New Research on Security for Aid Workers

Author: Joan Fallon

Professor Fast with members of her research team in Kapoeta, South Sudan

Contact: Larissa Fast, 574-631-7096, lfast@nd.edu

Kroc Institute professor Larissa Fast has co-authored, edited, or contributed to 7 new reports on ways to increase the safety and security of humanitarian workers worldwide. The reports include research findings and recommendations for the humanitarian community during a time in which targeted killings, kidnappings, and attacks on aid workers are on the rise.

Fast spent a portion of her sabbatical year (2010-11) conducting research as part of a team of scholars and practitioners working on the project “Collaborative Learning Approach to NGO Security Management,” funded by the U.S. Agency for International Development. 

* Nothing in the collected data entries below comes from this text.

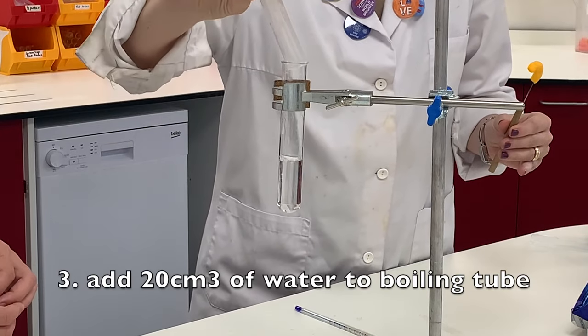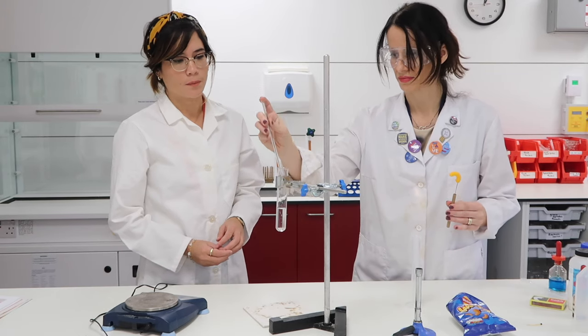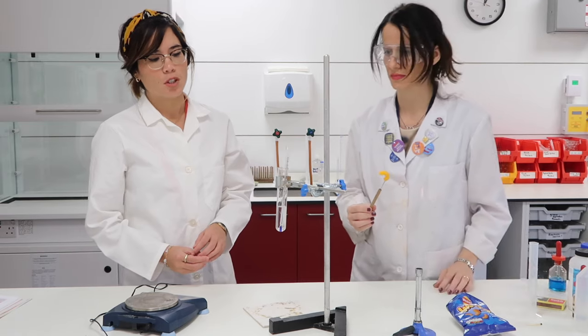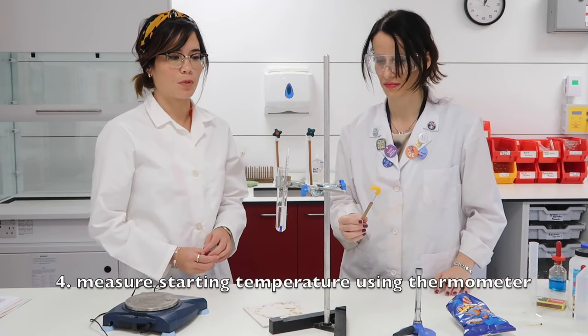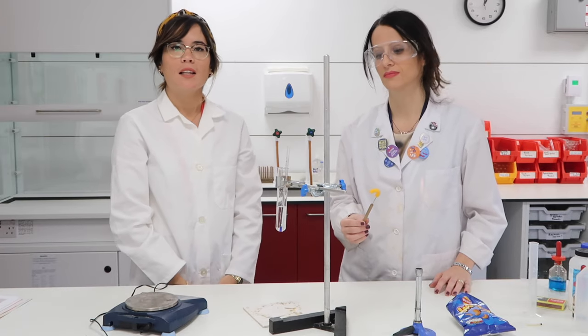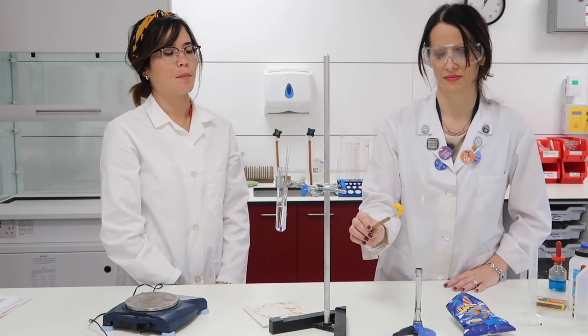Amelia is then going to pop it on a mounted needle. The next step is to add 20 centimetres cubed of water to a boiling tube, and we're using a measuring cylinder in order to do that. Amelia has popped a thermometer into the boiling tube so we can measure the initial temperature — we're just going to wait for it to calibrate.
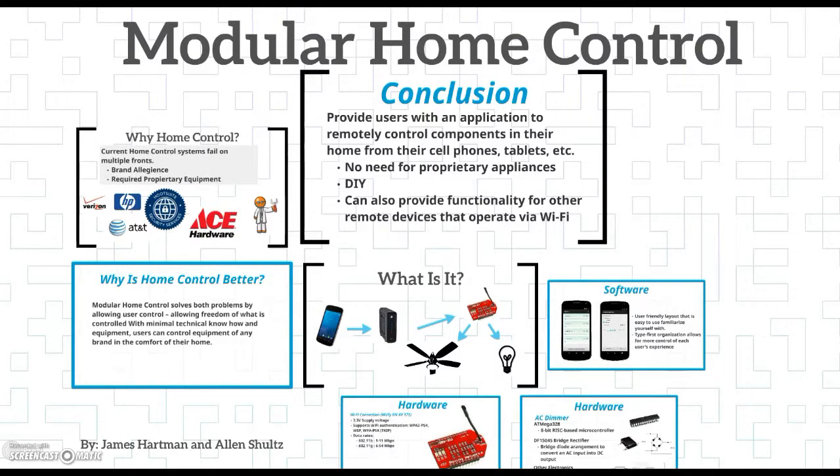Hello, my name is Alan Schultz and welcome to Modular Home Control. Modular Home Control is a project that James Hartman and myself completed for our senior projects this semester.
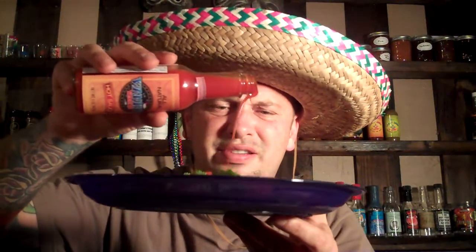Alright baby, first time ever having Wanky's Yankee's Fermented Red Caribbean sauce — let's go! Oh yeah, oh baby! That is a Caribbean red taco right there. Here we go, I'm gonna put this up on here. Take me to the Caribbean, David!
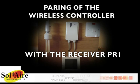Hello, my name is Neil Metcalf from Solaire Heating Products Limited and I would like to show you this installation and programming video for our PR1 wireless control system.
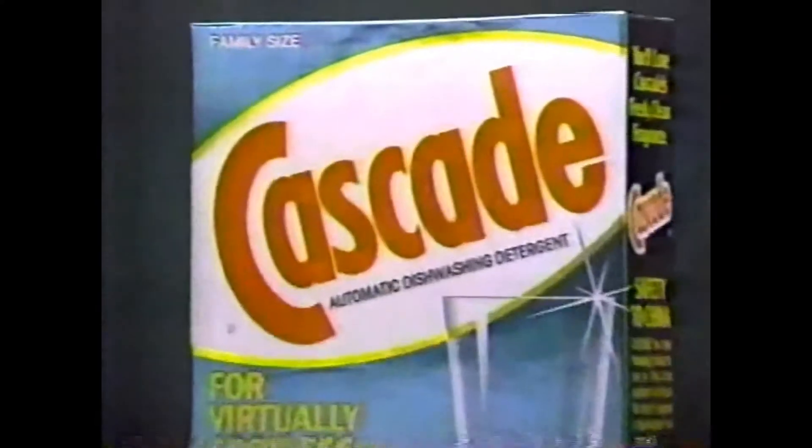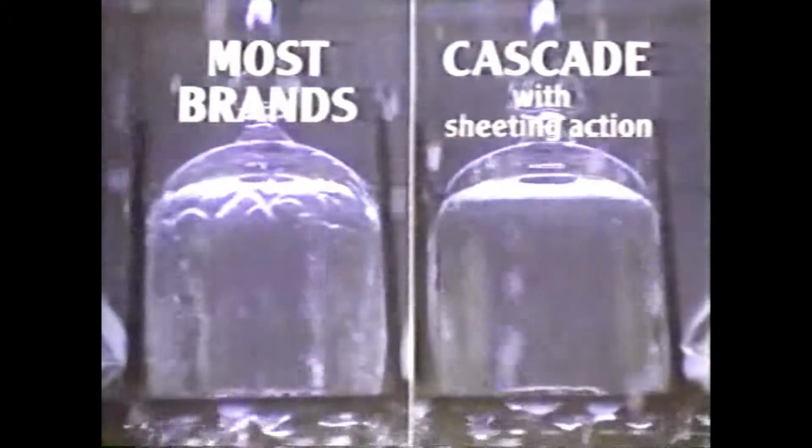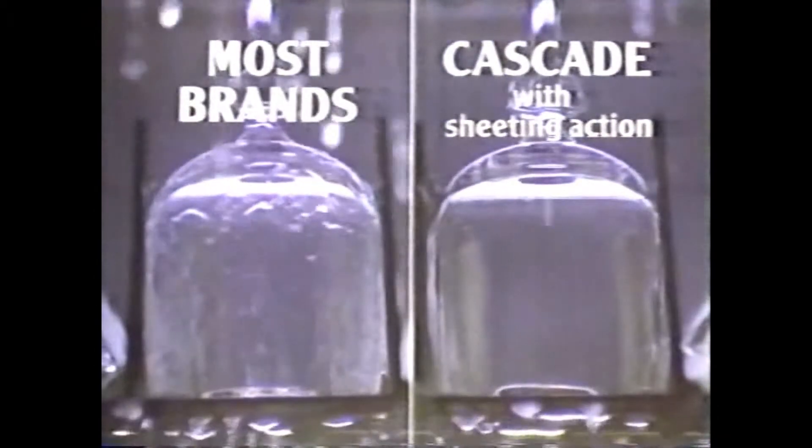Try Cascade. It cuts right through dried-on food. And while most detergents can leave drops that spot, Cascade sheeting action leaves glasses virtually spotless.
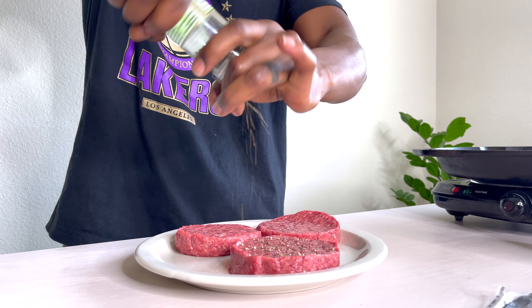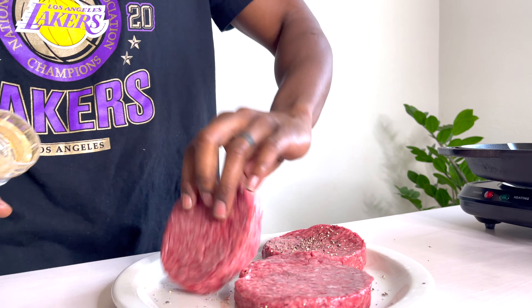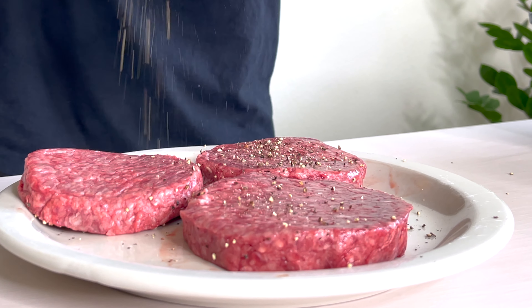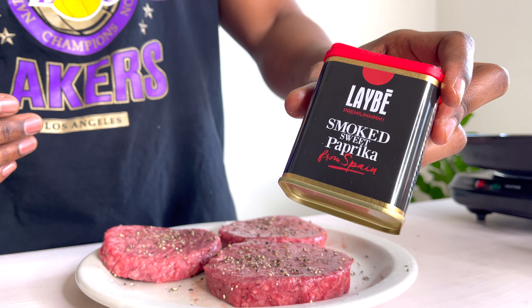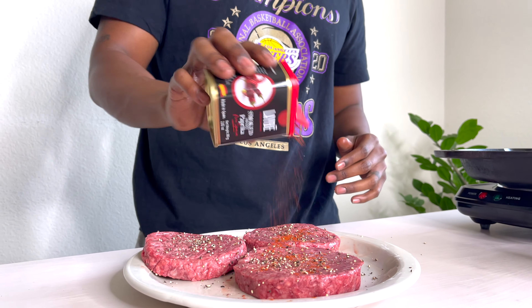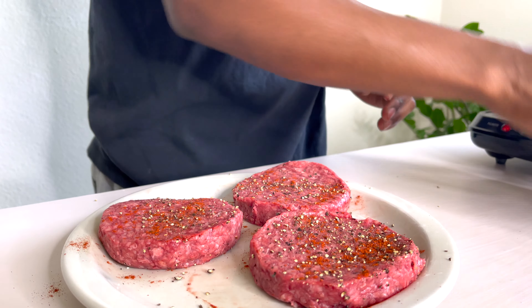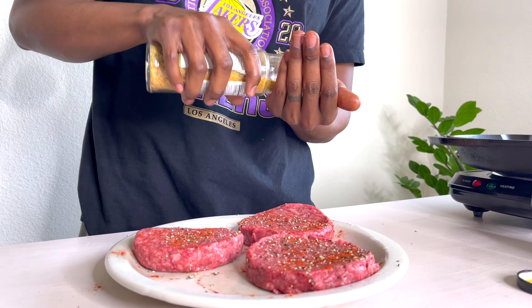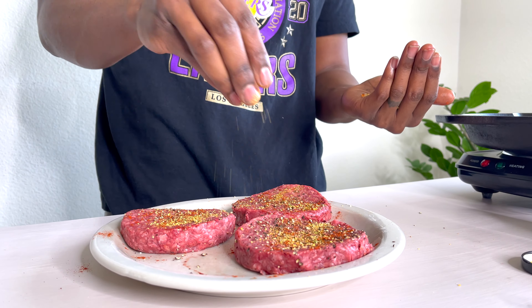We're going to start by going ahead and seasoning your meat. I already had all of these set up, so we're just going to go ahead and season both sides. We're going to start with the pepper. I have some smoked sweet paprika that I love to use — it also brings out a different color when you're putting this on your meat. Just a little bit of what I'm going to use. And I'm going to also put on a garlic and onion spice blend. Just put some of that in your hand — I love how coarse it is — and then generously season.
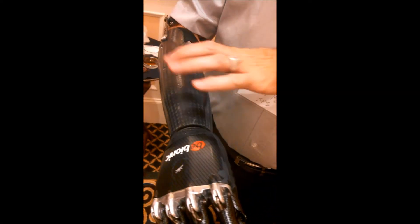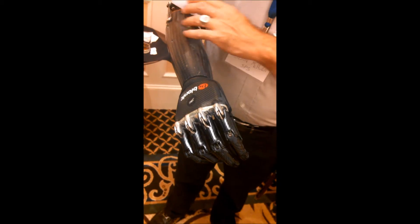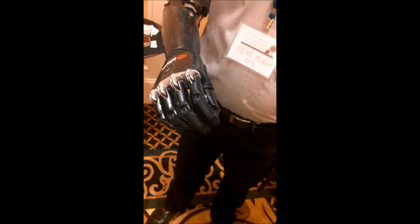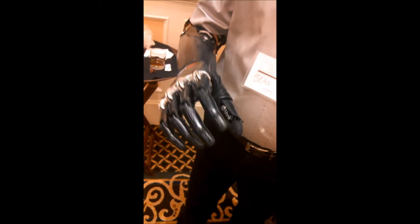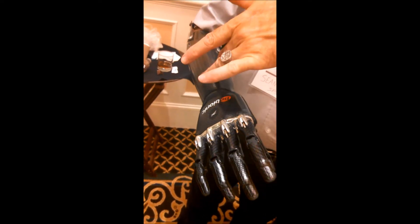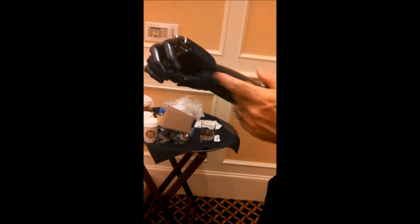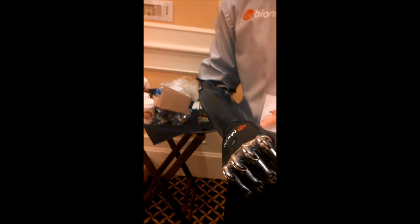There are two electrodes that sit on the surface of my skin that read my muscle intentions. When I feel like I'm opening my hand naturally, it's this muscle belly on this side that's firing. The electrode is sending that signal to the hand. When I close my hand, the electrode on this side is the one that's detecting that and making it happen.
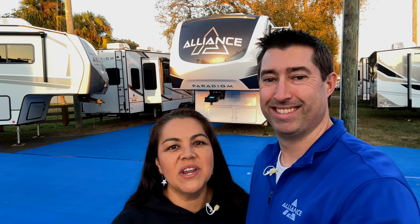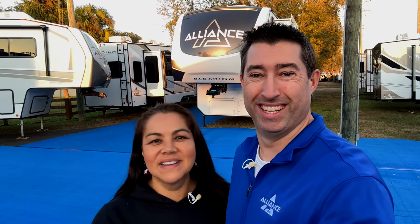What do you think of the brand new Alliance Paradigm 375RD? I think Alliance nailed it — this is a freaking awesome floor plan. We're so excited. It's absolutely gorgeous. I love the innovation and the upgrades they've done since ours was manufactured. I think I might have to very seriously consider upgrading this year. Make sure you go to VenturesomeCouple.com — we have brand new merch: sweatshirts, t-shirts, and more. Most importantly, give us a thumbs up, like, and subscribe. Enjoy every moment.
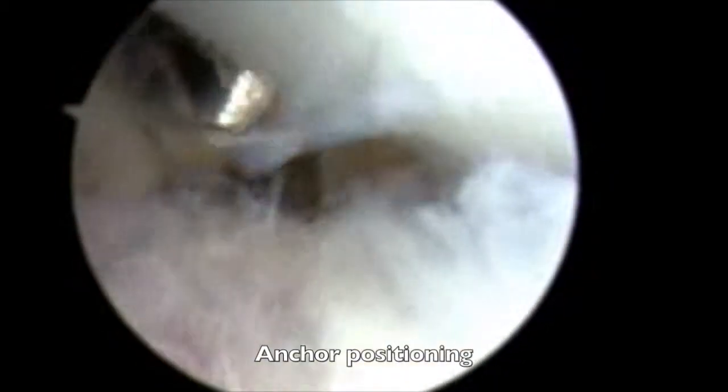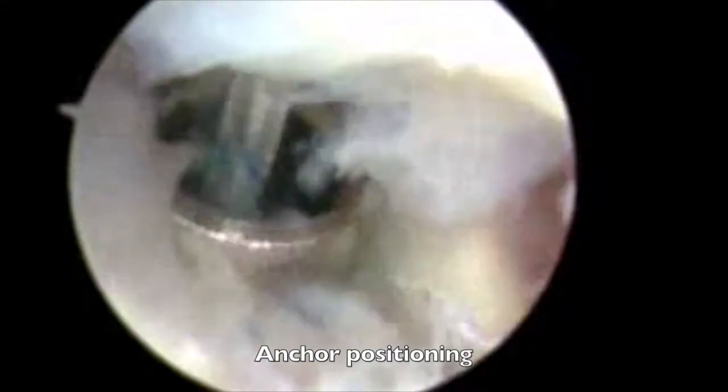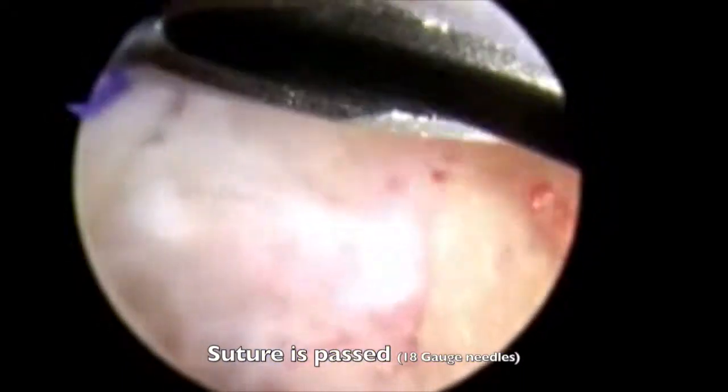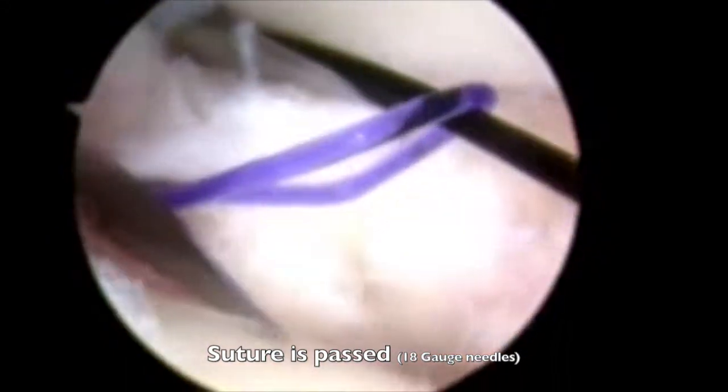The screw anchor is introduced under arthroscopic visualization and is positioned 2 mm above the cartilage surface. Sutures are passed through the ligament using 18-gauge needles. A shuttle relay lets the anchor sutures pass through the torn ligament.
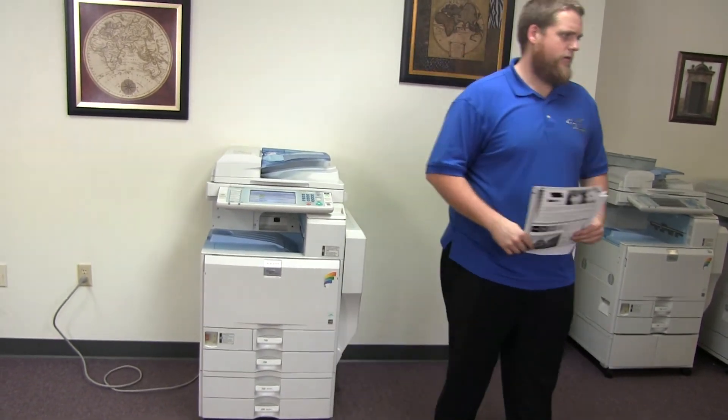Here we have our test copies — we'll go ahead and place them on the glass next to our chart. And as you can see, a good color image on this Ricoh.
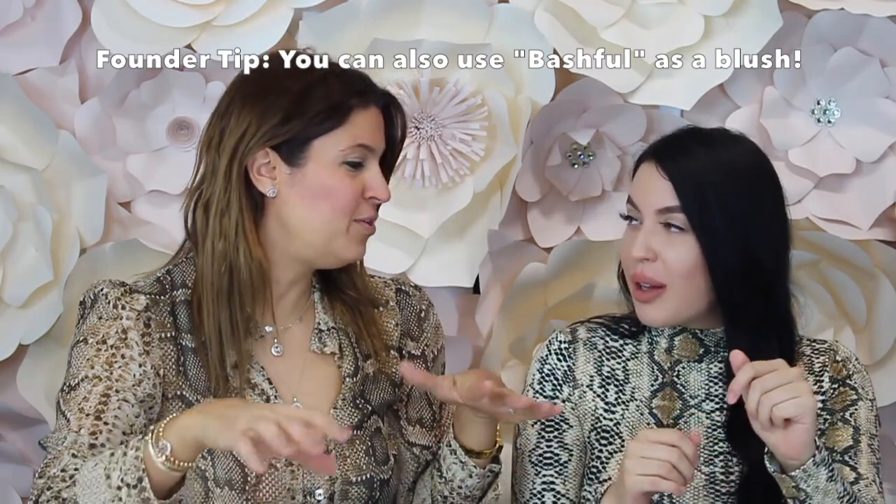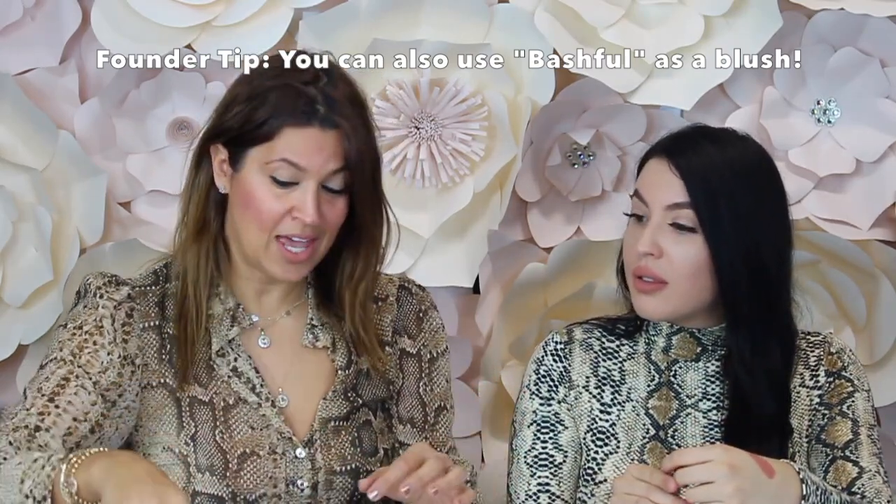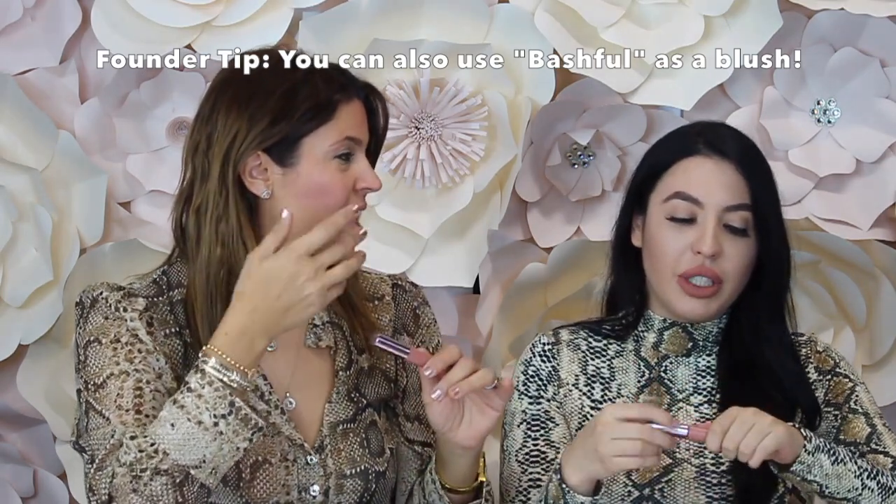Let me give you a little tip: if you forget to bring your blush with you, you can just dot a little bit of Bashful on your cheeks and get a little blush — but very little because it's really pigmented. So this is just a little founder tip. This does brighten you up just right. And because it dries down, you don't have to worry about it moving too. It blends nicely into the skin. And if it wasn't perfect, you can always take powder and blend it and it'll be all good.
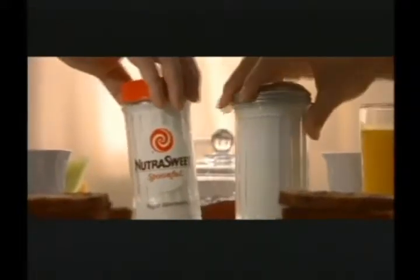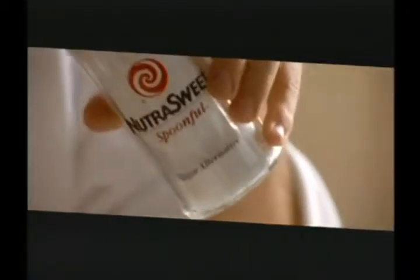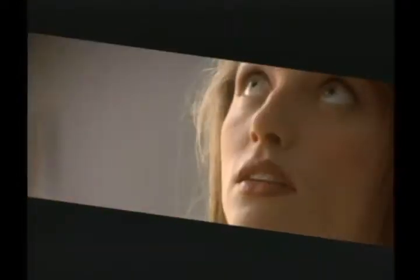NutraSweet Spoonful looks like sugar, measures like sugar, and tastes like sugar. But with only two calories per spoonful, there is one noticeable difference.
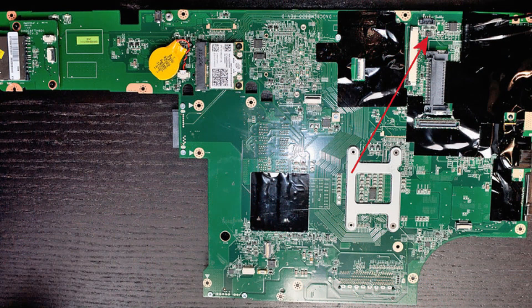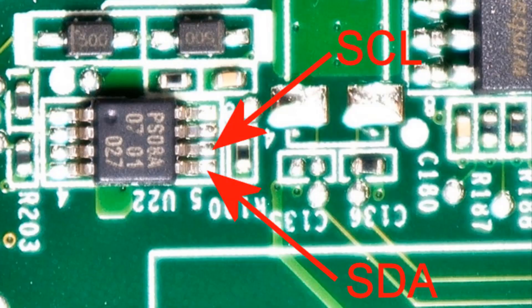Basically you make the system board functional outside of its case, which includes mounting the heat sink and fan on the CPU. You push the sharp probes onto SCL and SDA — this is the reason you need two persons: not enough hands to hold the probes and run the software.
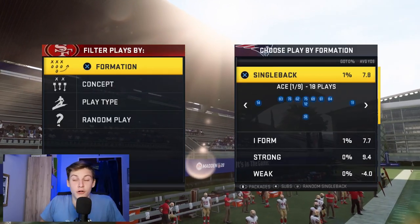Hello, welcome back to another video on the channel. Today we're doing the long-awaited Near Close Flex scheme. It's really good, especially with the ability to audible around to formations like Strong Close.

The project involved consultative workshops in Washington, D.C., and Geneva, Switzerland, as well as fieldwork and training of staff of NGOs from Kenya, South Sudan, and Uganda. The team sought to document and promote more effective and innovative approaches to security management for relief and development workers around the world. The "acceptance" approach to security is based on the premise that threats can be reduced if an agency's staff develops good working relationships with local people.

The new reports are:

  • Acceptance white paper. (28 page pdf). A revised version of this document will be published as “In acceptance we trust” in Disasters, a leading journal in humanitarian studies, in 2012.
  • The promise of acceptance. (32 page pdf) Insights into acceptance as a security management approach from field research in Kenya, South Sudan and Uganda.
  • South Sudan country report. (24 page pdf) Key findings from field research on acceptance in South Sudan. 
  • Kenya country report. (24 page pdf) Key findings from field research on acceptance in Kenya.
  • Uganda country report. (28 page pdf) Key findings from field research on acceptance in Uganda.
  • The acceptance toolkit. (42 page pdf) A practical guide to understanding, assessing, and strengthening your organization’s acceptance approach to NGO security management.
  • The collaborative learning approach to acceptance research: A user’s guide. (121 page pdf)

Fast is assistant professor of conflict resolution at Notre Dame’s Kroc Institute for International Peace Studies and department of sociology. Her research focuses on violence against aid workers, humanitarian politics, development and conflict, evaluation, and peacebuilding. She has worked for several international organizations, primarily in North America and Africa, as a project manager, consultant, and trainer.

She recently completed a book manuscript, Aid in Danger, which focuses on the causes of and responses to violence against aid workers.